Task requirements =>
In the data below, reproduce everything exactly except the images.

________

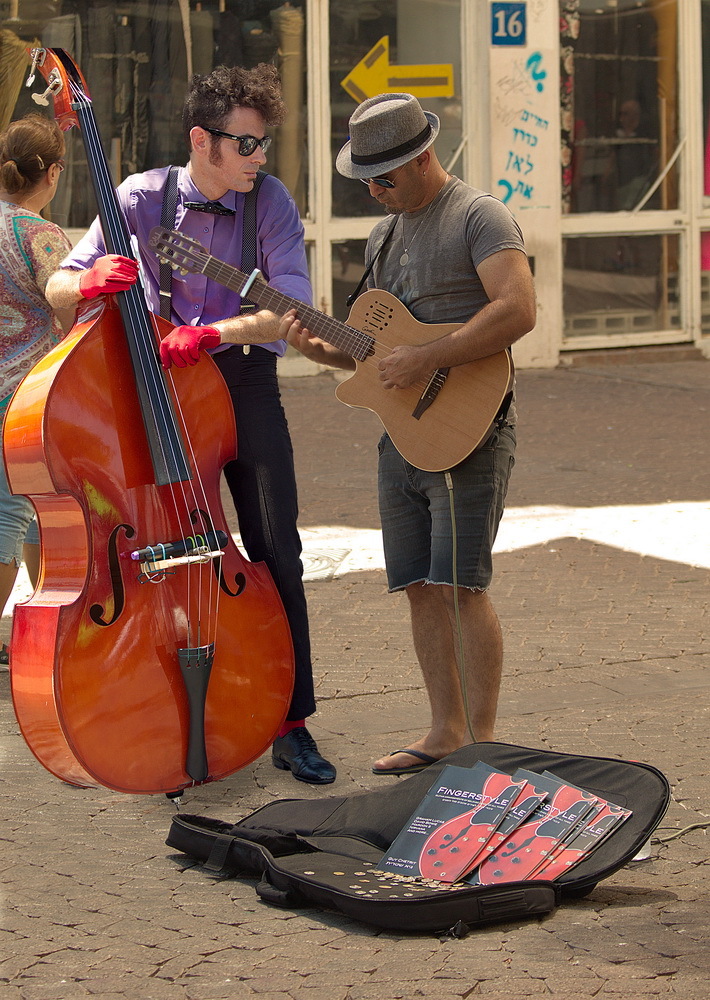 Уличные музыканты..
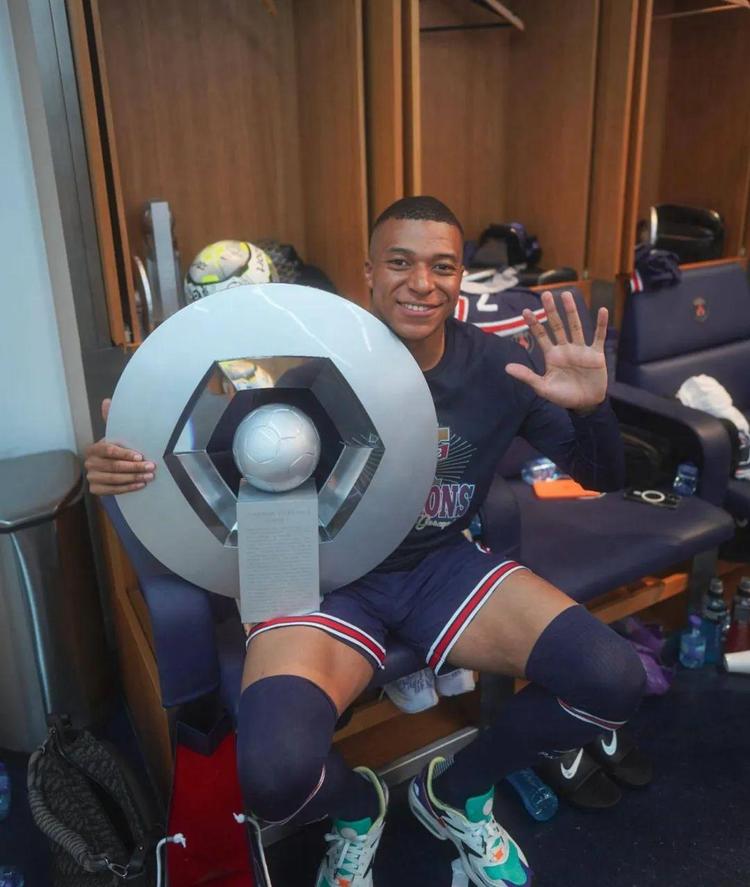 迪马：姆拉契奇本人尚未同意去国米，俱乐部层面已达成一致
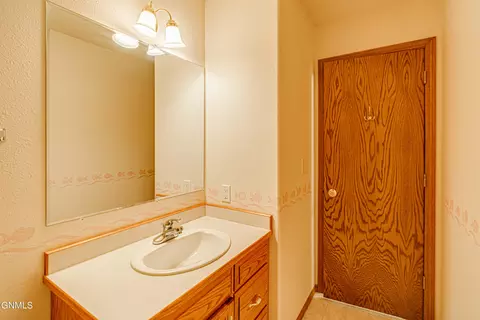 3359 Foxhaven Loop, Bismarck, ND 58503 photo 20
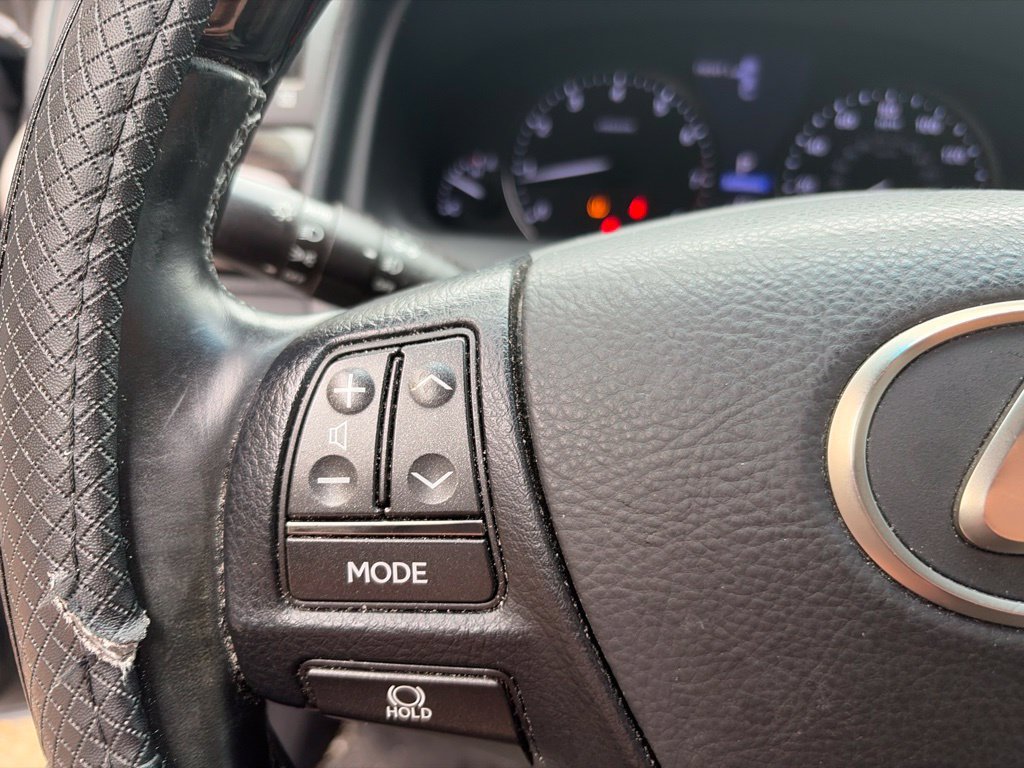 Used 2014 Lexus LS 460 AWD w/ Comfort Package image 20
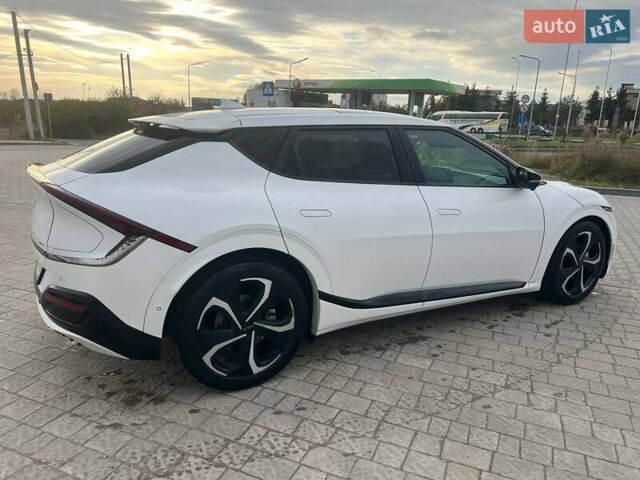 Белый Киа EV6, объемом двигателя 0 л и пробегом 48 тыс. км за 24900 $, фото 3 на Automoto.ua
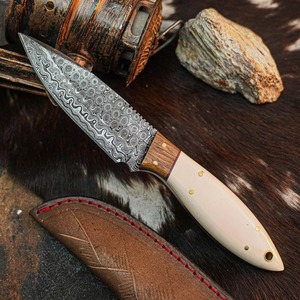 Couteau de chasse artisanal en acier Damas avec manche en os et en bois, étui en cuir |   Couteau à lame fixe personnalisé en gros - Product Image 5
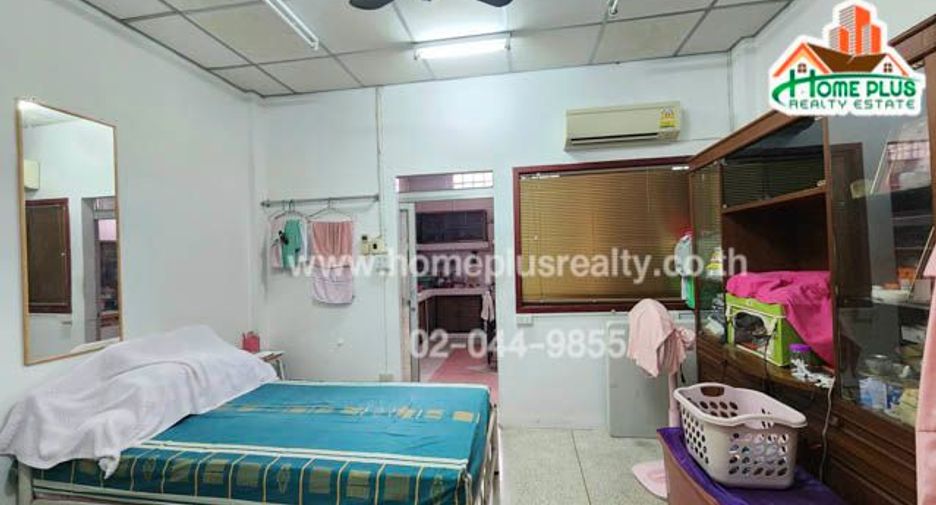 For sale 4 bedrooms retail Space in Bangkok Yai, Bangkok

________

Answer =>
 Уличные музыканты..
 迪马：姆拉契奇本人尚未同意去国米，俱乐部层面已达成一致
 3359 Foxhaven Loop, Bismarck, ND 58503 photo 20
 Used 2014 Lexus LS 460 AWD w/ Comfort Package image 20
 Белый Киа EV6, объемом двигателя 0 л и пробегом 48 тыс. км за 24900 $, фото 3 на Automoto.ua
 Couteau de chasse artisanal en acier Damas avec manche en os et en bois, étui en cuir |   Couteau à lame fixe personnalisé en gros - Product Image 5
 For sale 4 bedrooms retail Space in Bangkok Yai, Bangkok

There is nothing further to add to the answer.